Start of Excerpted records
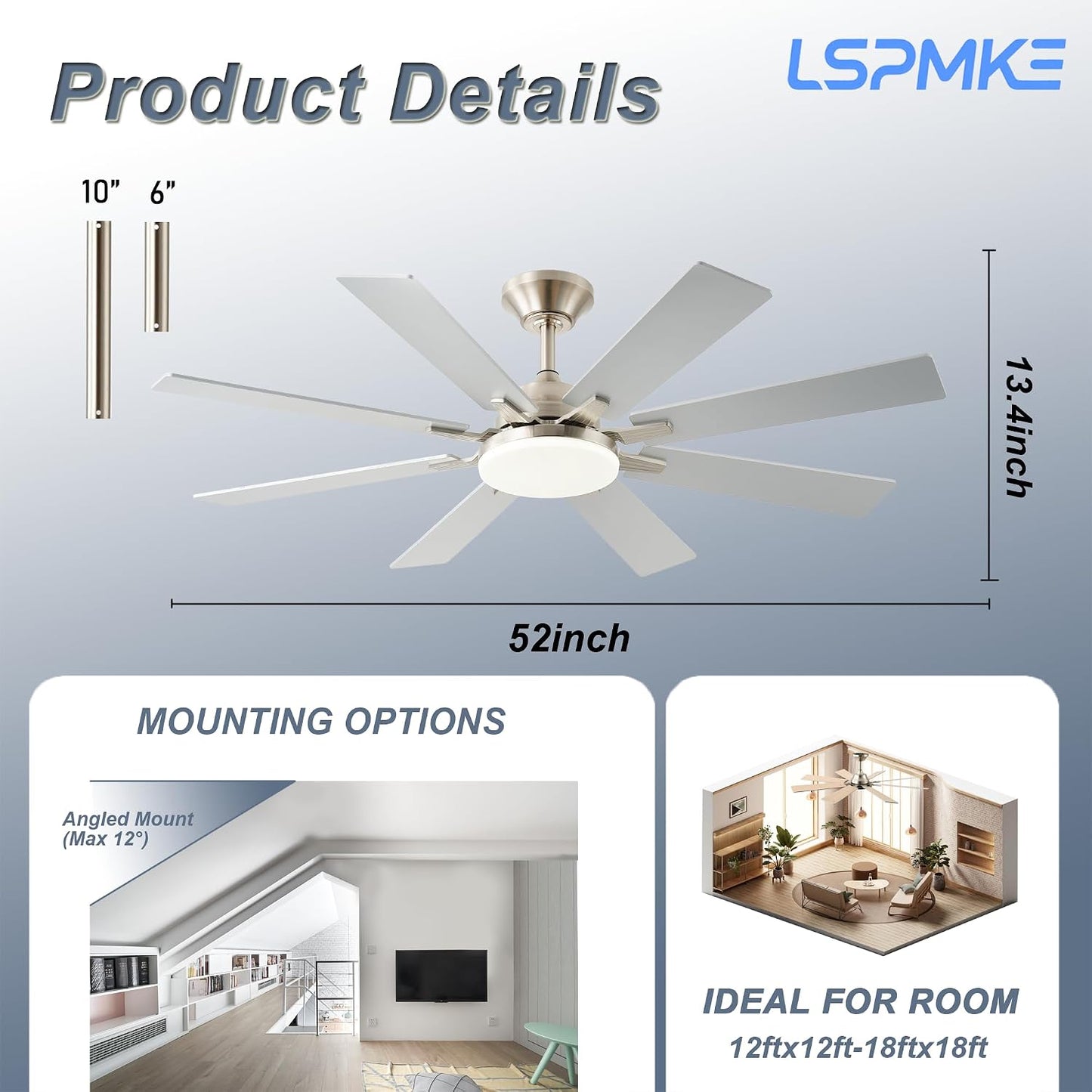Ceiling Fan With Light & Remote Indoor/Outdoor Use 52 Inch Black White Brown Nickel LSP-100-Black LSP-100-White LSP-100-Brown LSP-100-Nickel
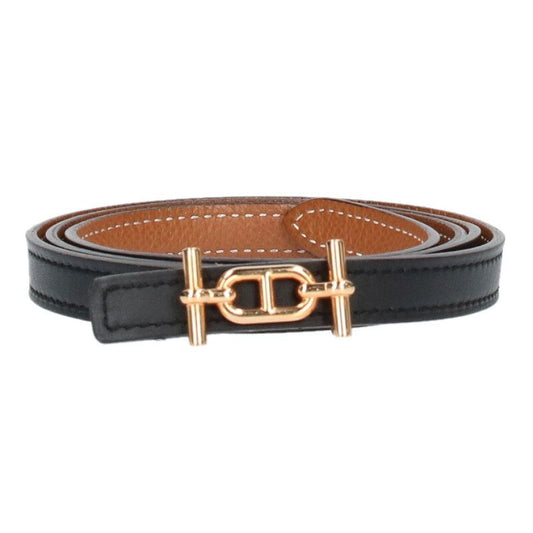 Hermes W Engraved Chaine D'ancre Buckle Reversible Belt Men 85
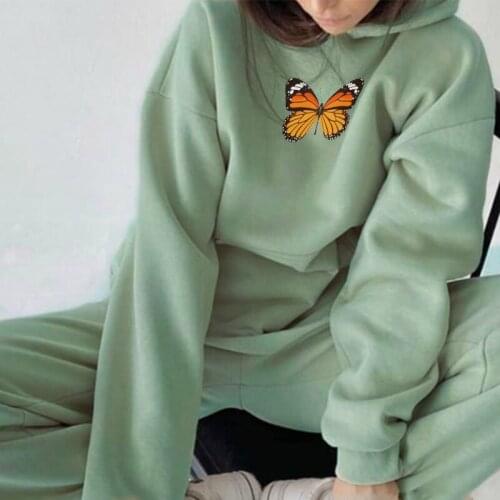 Butterfly Print Tracksuit Womens Set Streetwear Fleece Oversized Hoodie Pants Set Female Spring Autumn Sports Suit For Women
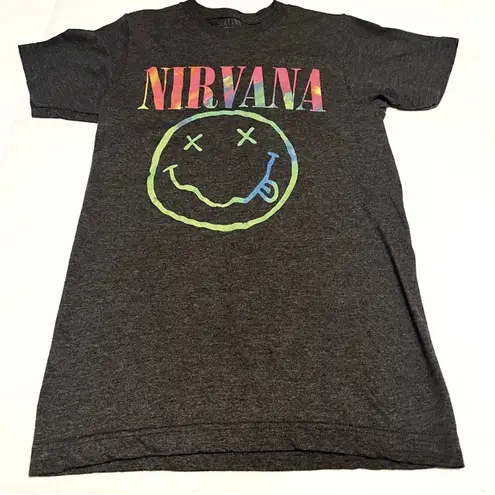 Nirvana Womens Size Small Grey Gray Short Sleeve Shirt Kurt Cobain Grunge 90s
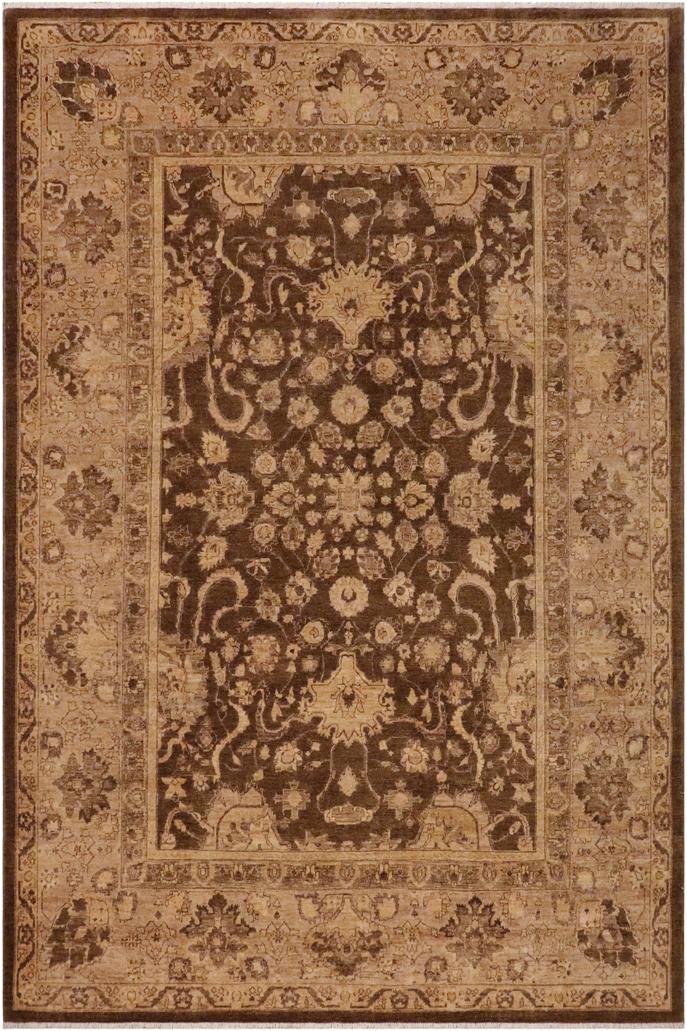 handmade Traditional Kafkaz Brown Tan Hand Knotted RECTANGLE 100% WOOL area rug 9X12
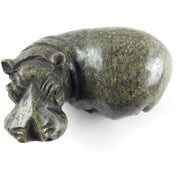 Green Stone Hippo Sculpture | African Art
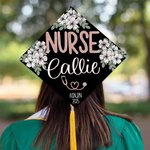 Personalized Cherry Blossom Stethoscope Nurse BSN ADN Graduation Cap Topper Decoration with Name and Year Graduation Gift for Medical Graduates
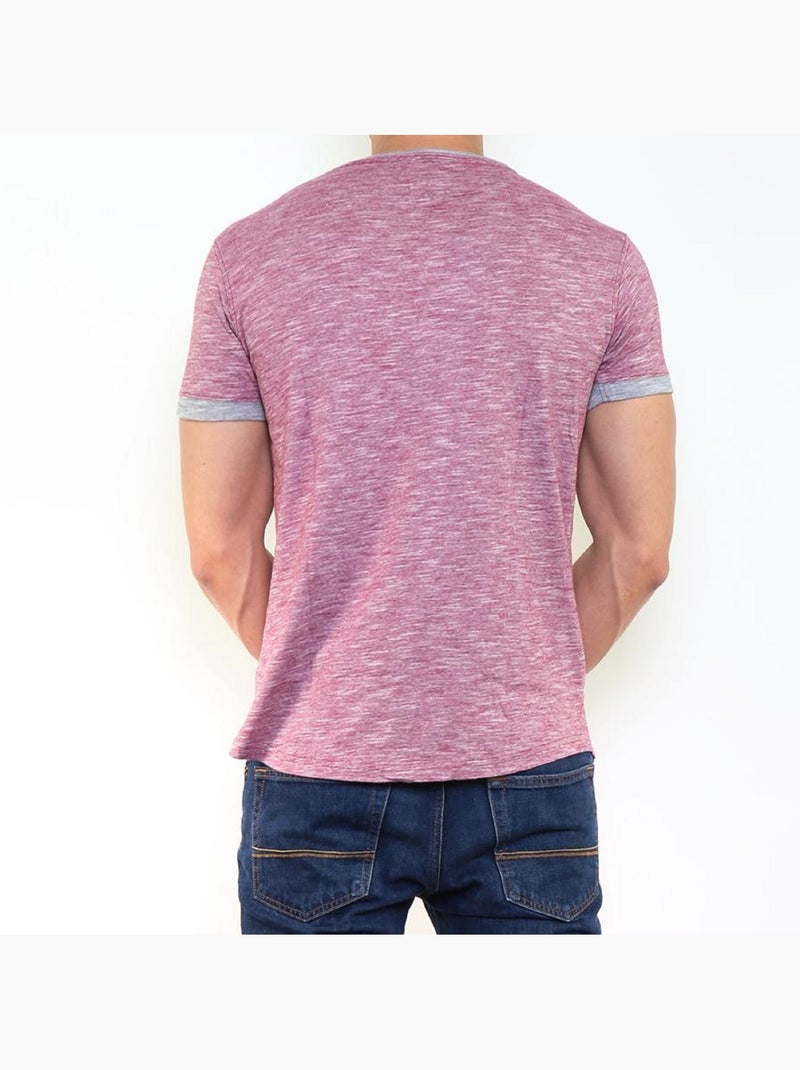 T-shirt manches courtes col rond Bordeaux - Kiabi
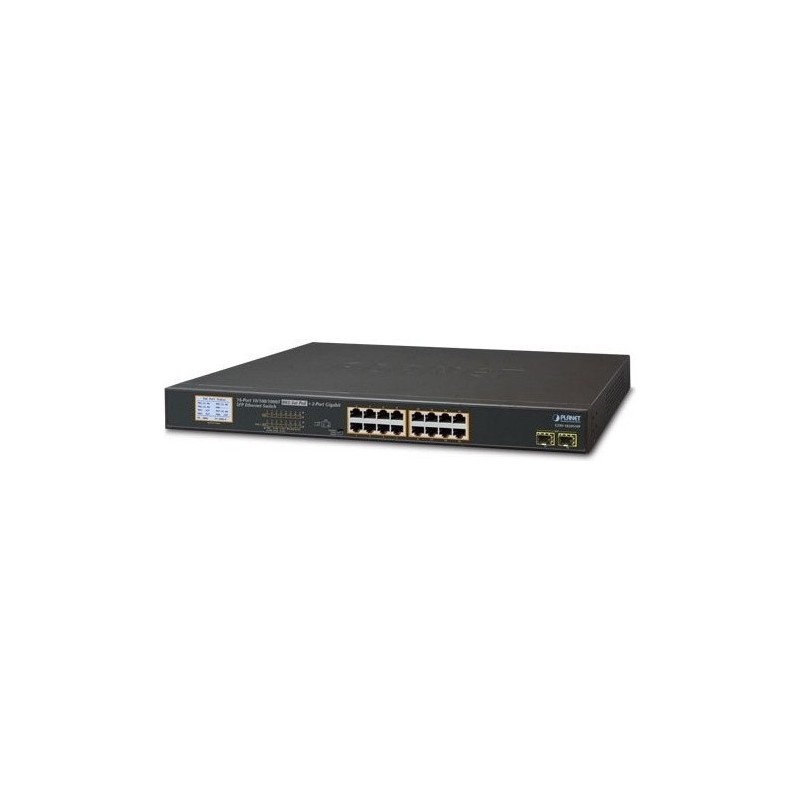 Planet GSW-1820VHP 16-Port Gigabit PoE+ Switch 300W mit 2 SFP und LCD PoE-Monitor (GSW-1820VHP)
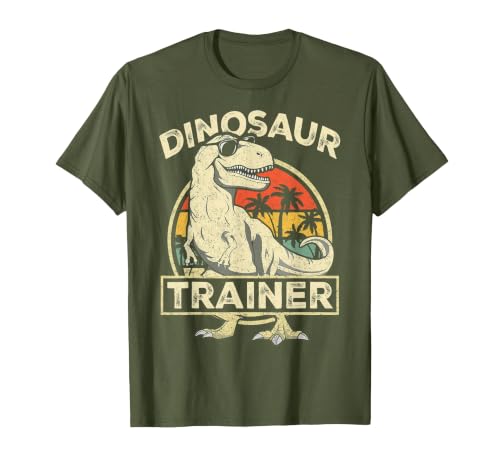 Dinosaur Trainer Halloween Vintage Dinosaur Trainer Halloween Costume Retro Dino Outline T-Shirt - size chart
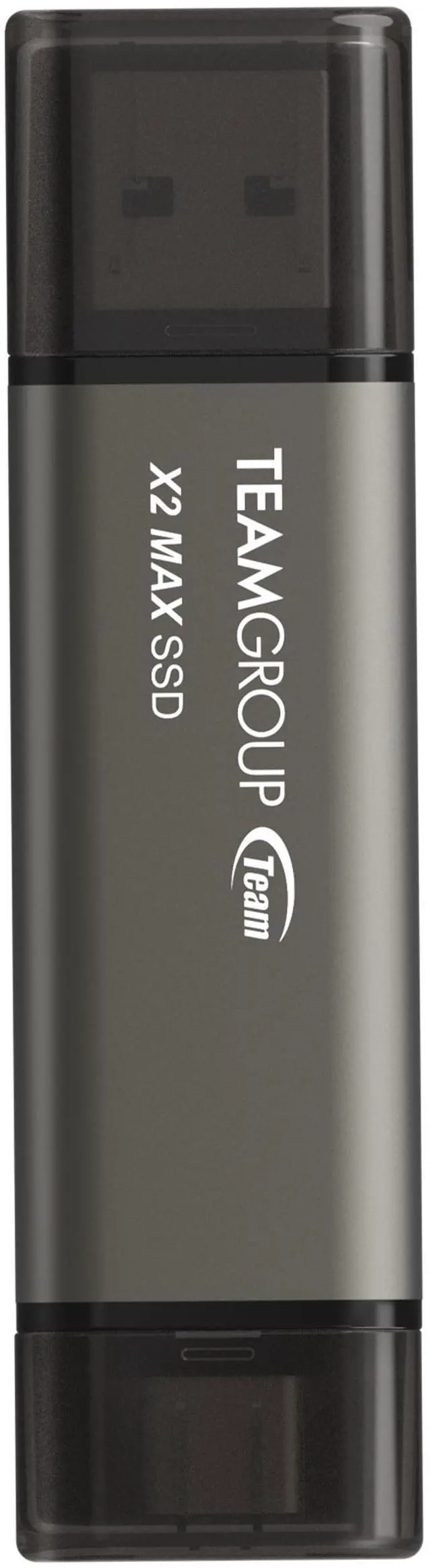 Alt view image 3 of 4 - TEAM X2 MAX DRIVE 1TB Titanium USB 3.2 Gen2 External Solid State Flash Drive, Dual Interface Type-C and Type-A, Compatible with Smartphone/Tablet/Laptop/PC/Chromebook, Speed Up to 1000MB/s (TX2MAX31TBT01)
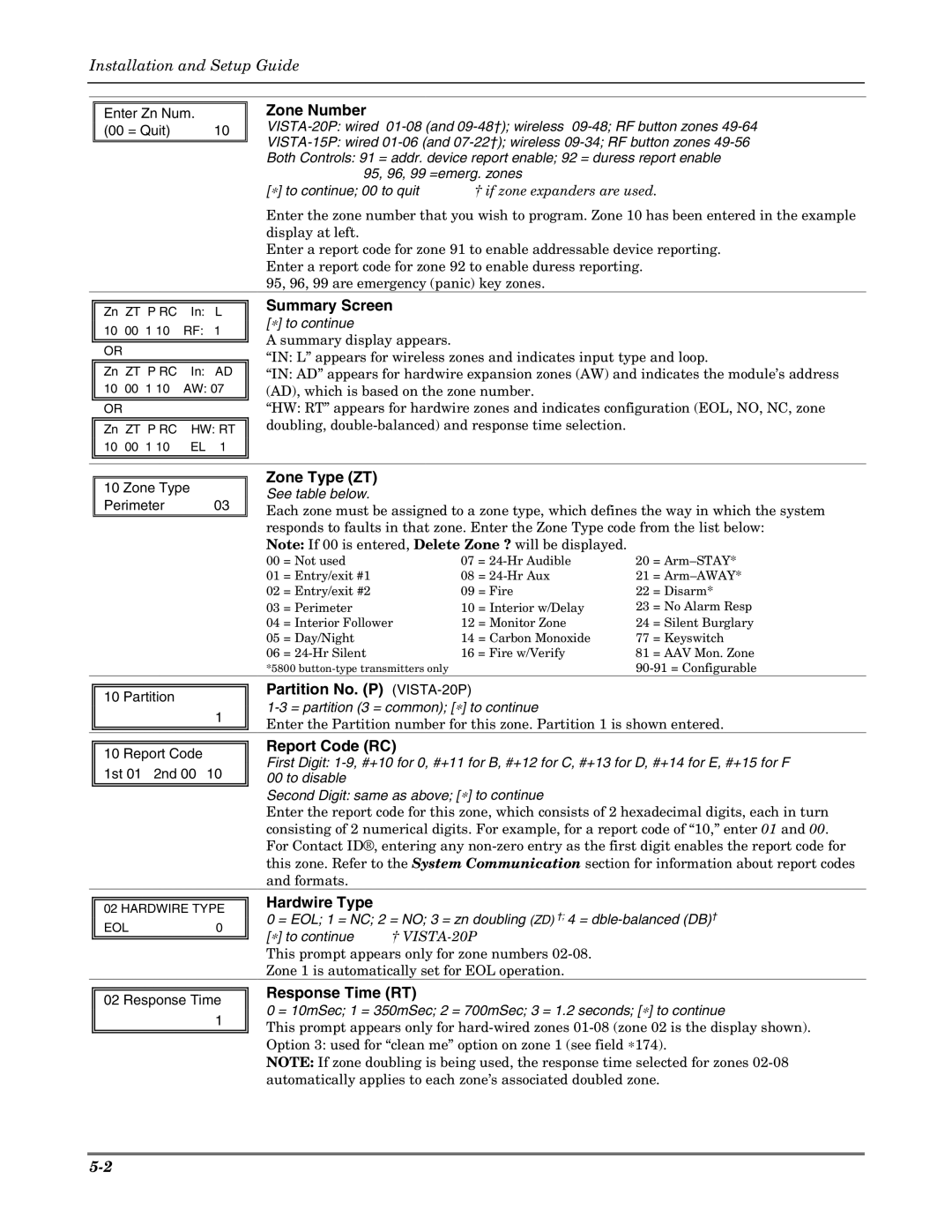 Honeywell VISTA-15PSIA Zone Number, Summary Screen, Zone Type ZT, Partition No. P VISTA-20P, Report Code RC, Hardwire Type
End of Excerpted records
• **Work to be completed**:
Reproduce, unchanged, each line between the one with "T-shirt manches courtes" and the last line of the material, both included; the pictures do not go in.

• **Reply to the task**:
 T-shirt manches courtes col rond Bordeaux - Kiabi
 Planet GSW-1820VHP 16-Port Gigabit PoE+ Switch 300W mit 2 SFP und LCD PoE-Monitor (GSW-1820VHP)
 Dinosaur Trainer Halloween Vintage Dinosaur Trainer Halloween Costume Retro Dino Outline T-Shirt - size chart
 Alt view image 3 of 4 - TEAM X2 MAX DRIVE 1TB Titanium USB 3.2 Gen2 External Solid State Flash Drive, Dual Interface Type-C and Type-A, Compatible with Smartphone/Tablet/Laptop/PC/Chromebook, Speed Up to 1000MB/s (TX2MAX31TBT01)
 Honeywell VISTA-15PSIA Zone Number, Summary Screen, Zone Type ZT, Partition No. P VISTA-20P, Report Code RC, Hardwire Type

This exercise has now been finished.